De Zwart noted that military planners have hardly been ignoring space before now. “Space is militarized, it has been since the beginning,” she said. And she suggested change will come slowly. “As much as I am a particular fan of Darth Vader, we're not talking about having those sort of kinetic battles in outer space,” she said.
For now, it seems, any Space Force activities would be supporting national security activities under way on planet Earth. If we do ever enter a period of civil war with rebel spaceships striking from hidden bases against an evil Galactic Empire, we may not have or even need new rules of war.
“The bottom line is the law is there,” said U.S. Air Force Maj. Susan Trepczynski, National Air and Space Intelligence Center staff judge advocate. “There's not new law being developed. And, in fact, there's been some resistance to actually having any new law developed. It's hard to get new international law.”
|Law Firm Moves, News, and Notes
Morrison & Foerster continued its lateral hiring spree with the addition of Vishal Mehta as a partner in the firm's antitrust group in Washington. He previously was a senior associate at Baker Botts, where he worked more than seven years.
Morrison & Foerster's antitrust group has added multiple new lawyers from government this year, most notably Lisa Phelan, formerly of Main Justice's Antitrust Division.
Hausfeld added Catherine Gill as global chief operating officer. Hausfeld's global headquarters are located in Washington, D.C., while Gill hails from Boston, where she was chief practice management officer at Goodwin Procter.
Eric McArthur, former deputy associate attorney general in the U.S. Department of Justice, has joined Sidley Austin in Washington.

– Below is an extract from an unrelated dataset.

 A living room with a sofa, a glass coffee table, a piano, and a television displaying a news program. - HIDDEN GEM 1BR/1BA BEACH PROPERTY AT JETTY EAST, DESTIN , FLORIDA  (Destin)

McArthur, a former law clerk to U.S. Supreme Court Justice Clarence Thomas, is returning to Sidley Austin as partner. His practice will focus on representing clients in appellate court proceedings and trial court litigation. He spent nearly a decade at Sidley before entering the Justice Department in August 2017.
Cleary Gottlieb Steen & Hamilton elected 15 new partners and counsel this week, including a partner and a counsel in Washington, D.C.

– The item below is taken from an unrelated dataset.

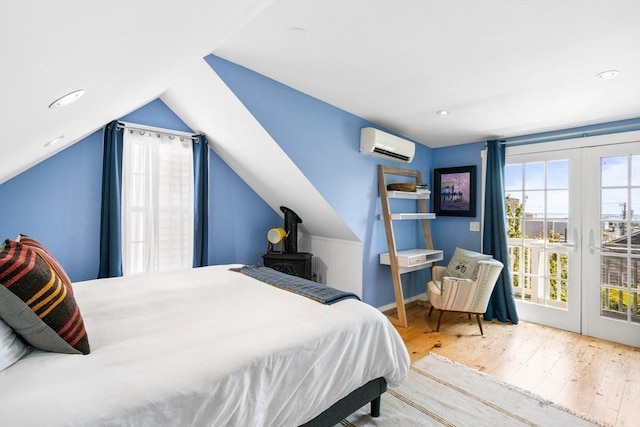 bedroom with lofted ceiling, access to exterior, light hardwood / wood-style floors, french doors, and an AC wall unit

Alexis Collins made partner focusing on complex civil litigation and criminal and regulatory enforcement matters in Washington. She previously was a deputy chief of the counterterrorism section of the U.S. Justice Department's National Security Division, and re-joined Cleary Gottlieb in 2015 after her turn in government.
Larry Malm now works as counsel at Cleary Gottlieb in Washington focusing on antitrust litigation. He joined the firm in 2010.
Baker McKenzie named A. Duane Webber, a partner in D.C., as its new North America chair. Webber led the firm's global tax practice until 2016 and was a member of the firm's executive committee before taking this new position.
Perkins Coie added Valerie Dahiya as a partner in Washington, D.C., from the U.S. Securities and Exchange Commission, where she was a branch chief in SEC's division of trading and markets.
At Perkins Coie, the Pacific Northwest native joined the blockchain and digital currency group. Prior to her experience as a branch chief, she also worked as senior counsel in the SEC's office of compliance inspections and examinations and as a regulatory analyst at the Financial Industry Regulatory Authority.